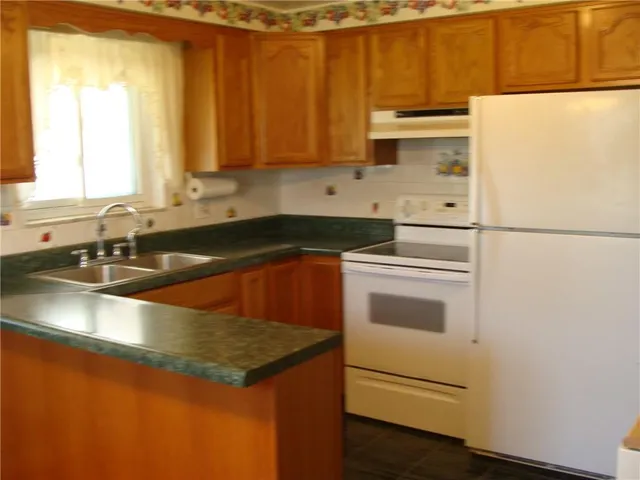 a kitchen with granite countertop white cabinets and white appliances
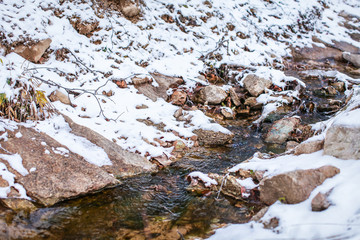 Meltwater stream running through the stones and surrounded by brown melting snow and dry grass at mountains.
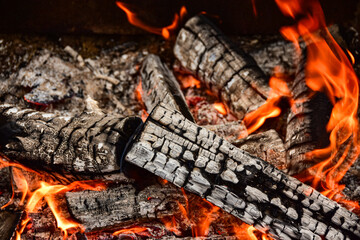 Flames consume firewood in this close up of campfire creating a warm comfy atmosphere in the night...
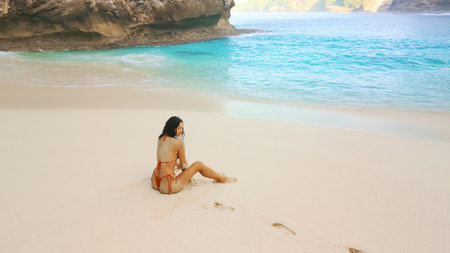 Woman Sitting On Serene Kelingking Beach With Soft Sand And Turquoise Seaの写真素材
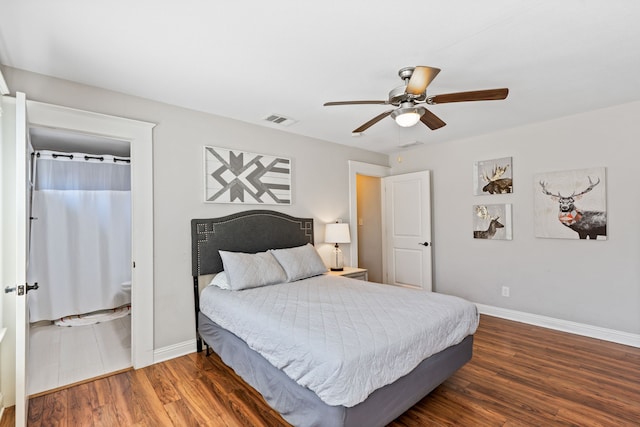 bedroom with a ceiling fan, wood finished floors, visible vents, and baseboards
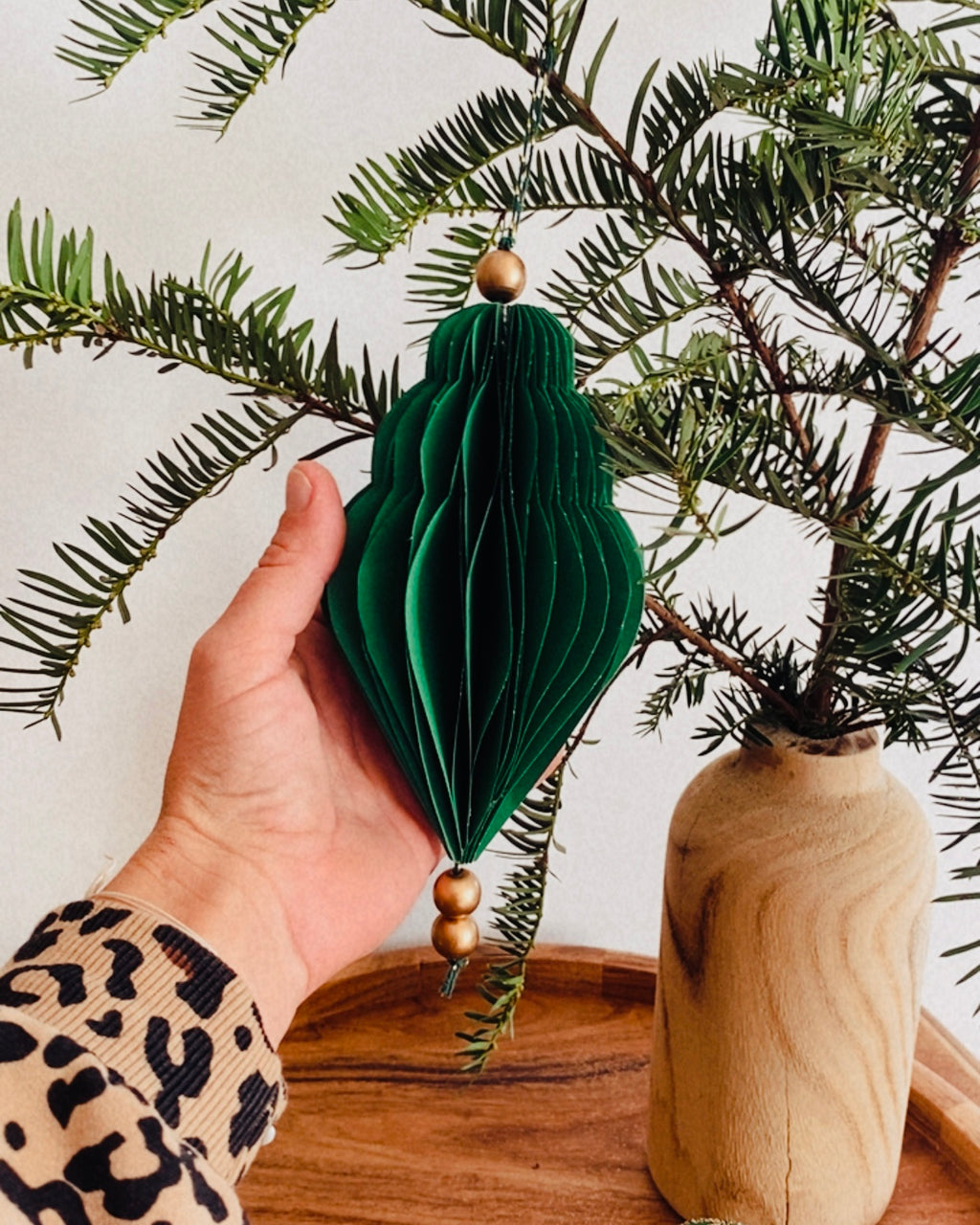 Ornements de Noël faits main en papier, présentés dans une coupe en bois garnie de branches de sapin. Les boules sont de différentes formes et couleurs : vert émeraude profond et écru chaleureux. Certaines sont rehaussées de fines paillettes dorées. L’ensemble évoque une décoration naturelle, authentique et poétique, parfaite pour un Noël doux, artisanal et inspiré par la nature. ninona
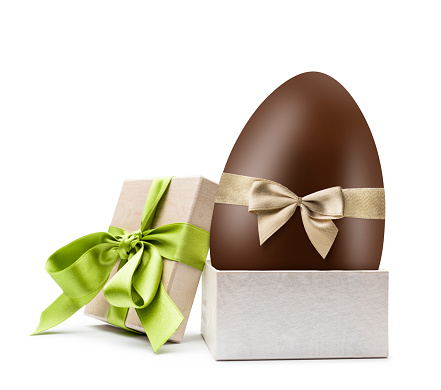 Chocolate easter egg into gift box, on white background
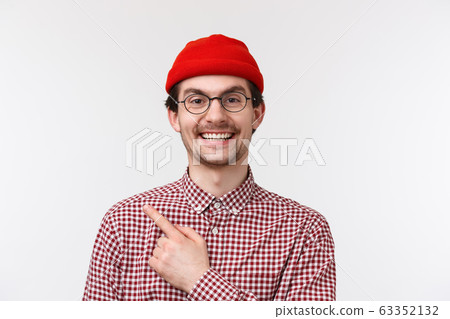 Close-up portrait cheerful handsome caucasian hipster guy in red beanie and glasses, pointing finger upper left corner and smiling pleased, showing advertisement, recommend product, special offer 63352132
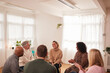 © Monkey Business - Woman Speaking At Support Group Meeting For Mental Health Or Dependency Issues In Community Space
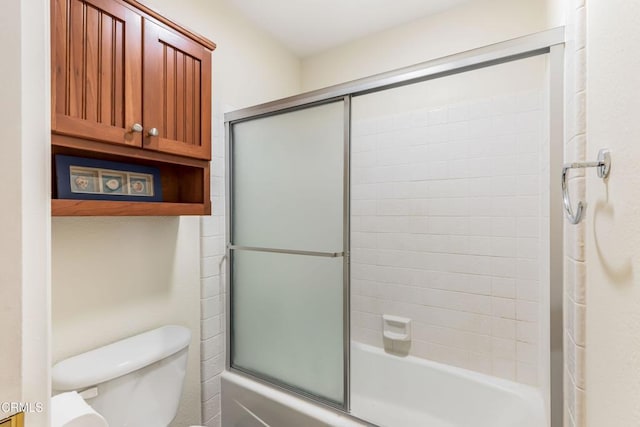 bathroom featuring toilet and enclosed tub / shower combo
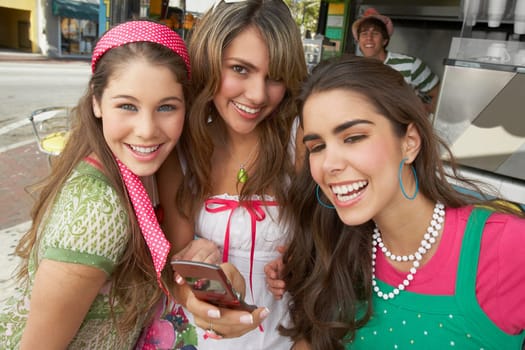 Close-up of a teenage girl holding a mobile phone and standing with her friends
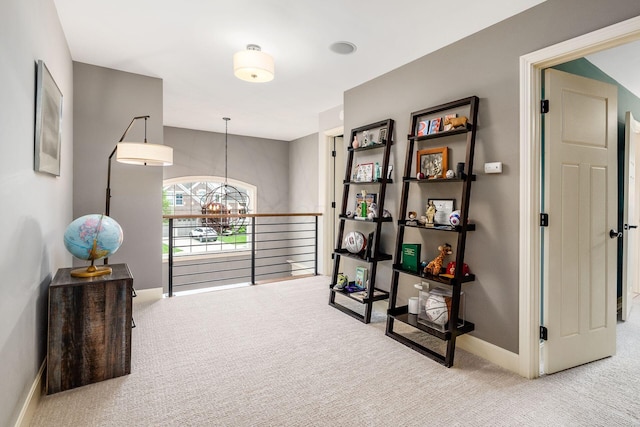 hallway with carpet flooring, a chandelier, and baseboards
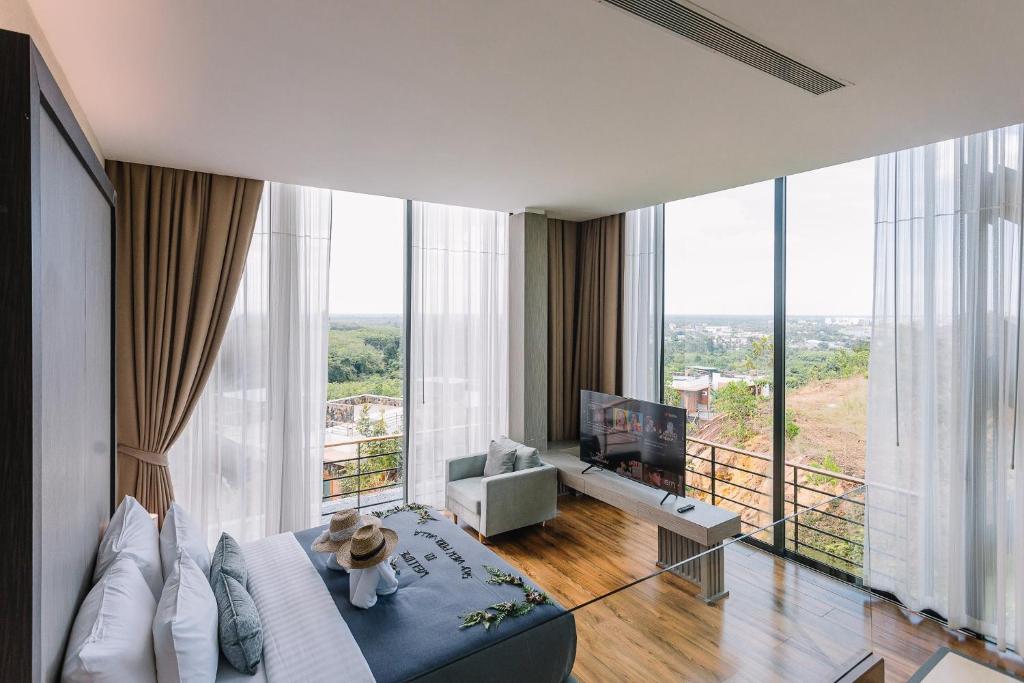 een woonkamer met een bank en een tv bij Sky View Luxury Pool Villa - SHA in Suratthani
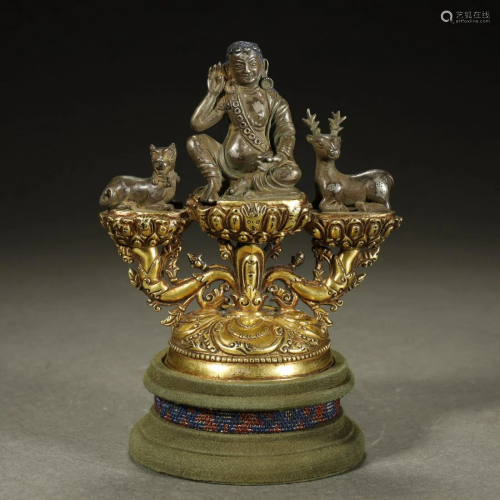 AN ARCHAIC SILVER FIGURE AND GILT-BRONZE,M…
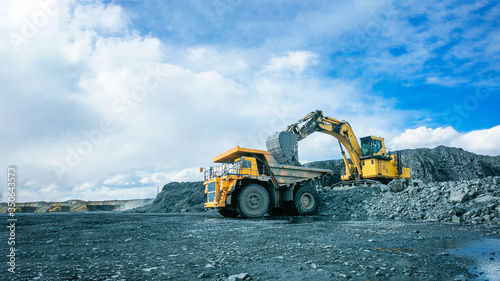 Work of trucks and the excavator in an open pit photo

__PROBLEM__. An exact copy is needed of the lines from the start of the listing through the line with "Chocolate easter egg", both end lines included and pictures excluded.

__RESPONSE AREA__.
 a kitchen with granite countertop white cabinets and white appliances
 Meltwater stream running through the stones and surrounded by brown melting snow and dry grass at mountains.
 Flames consume firewood in this close up of campfire creating a warm comfy atmosphere in the night...
 Woman Sitting On Serene Kelingking Beach With Soft Sand And Turquoise Seaの写真素材
 bedroom with a ceiling fan, wood finished floors, visible vents, and baseboards
 Ornements de Noël faits main en papier, présentés dans une coupe en bois garnie de branches de sapin. Les boules sont de différentes formes et couleurs : vert émeraude profond et écru chaleureux. Certaines sont rehaussées de fines paillettes dorées. L’ensemble évoque une décoration naturelle, authentique et poétique, parfaite pour un Noël doux, artisanal et inspiré par la nature. ninona
 Chocolate easter egg into gift box, on white background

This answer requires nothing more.